Misionaris di Australia, sudah seperti pedagang asongan. Menawar-nawarkan program di jalanan kepada siapa saja yang menurut mereka pantas untuk didekati. Setelah itu, mereka akan meminta nomor telepon kita. Selanjutnya, mereka berubah fungsi menjadi seperti tele-marketing. Terus menelpon kita sampai kita bilang ya atau mungkin tidak.
Saya sedang menikmati camilan sambil mendengarkan kumpulan lagu top 50 Billboard di depan State Library ketika seorang pria muda menghampiri dan meminta waktu saya untuk berbincang. Pria itu memperkenalkan diri sebagai seorang misionaris dari sebuah aliran kristiani. Saya dengan senang hati menyetujui. Tidak ada salahnya, saya pikir, mendapat teman bicara dan mendapat sebuah 'pengetahuan'.
Setelah lama bicara, obrolan tentang agama bergeser ke hal-hal ringan seputar kehidupan sehari-hari. Malah dia membiarkan saya bertanya-tanya tentang dirinya.
Bertemu dengan misionaris seperti dia bukanlah hal pertama kali. Tapi bicara panjang lebar seperti itu memang yang pertama di Perth. Ketika saya tinggal di Jakarta, pernah dua orang perempuan mengetok pintu rumah dan bercerita tentang sebuah 'kabar penting', yang menurut mereka Yesus tak pernah disalibkan.
Agama bukanlah perkara mudah. Saya dulu pernah 'tersesat' tapi tak berarti juga menginginkan agama baru.
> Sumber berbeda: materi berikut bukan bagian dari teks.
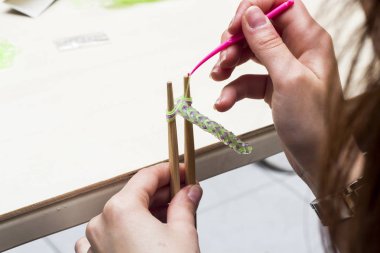 Kadın el giysiler pimleri ve lastik bantlar, kanca kullanma ile bilezik yapımı kısmi görünümü 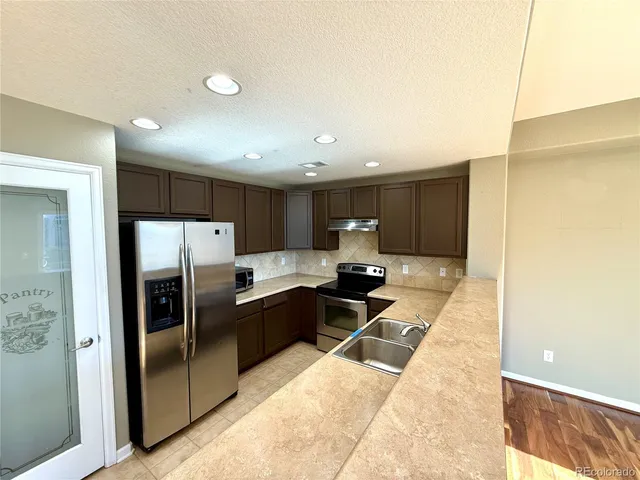 a kitchen with stainless steel appliances a refrigerator and a stove top oven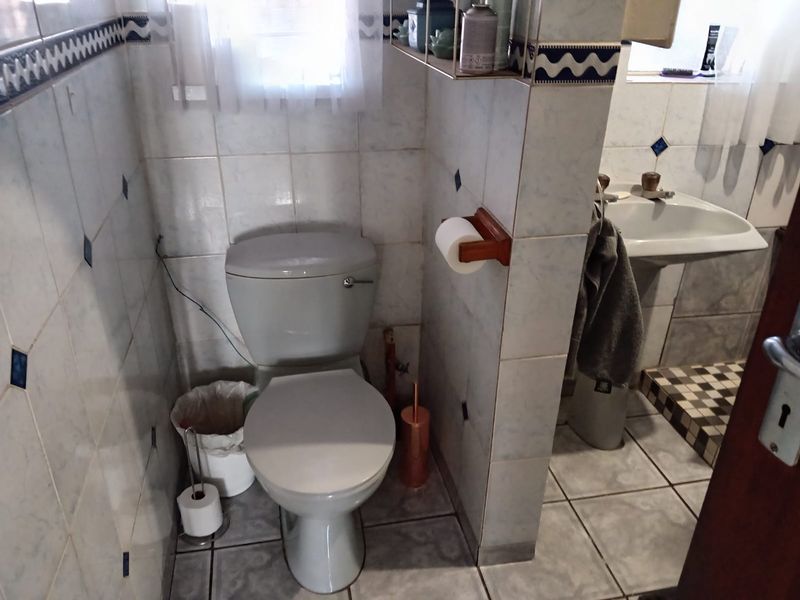 A dated bathroom featuring a standard toilet and pedestal washbasin with tiled walls and flooring, requiring cosmetic updates and minor repairs.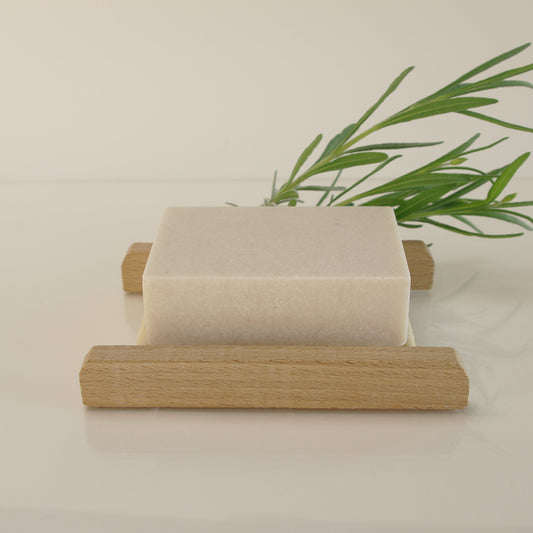 himalayan salt soap with lavender and foliage on a bamboo rack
Jika saya terbuka dengan orang-orang yang ingin mewartakan tentang ajaran-ajaran mereka, bukanlah hal yang istimewa. Pertama, menolak sesuatu berarti menolak kebaikan. Itu yang selalu saya ingat. Apalagi menolak ilmu pengetahuan. Selama saya tidak memaksakan diri dengan mengorbankan hal-hal lain yang lebih penting dari itu, saya rasa saya akan terus melakukan. Saya percaya diri untuk tidak mengubah keyakinan yang saya anut sekarang.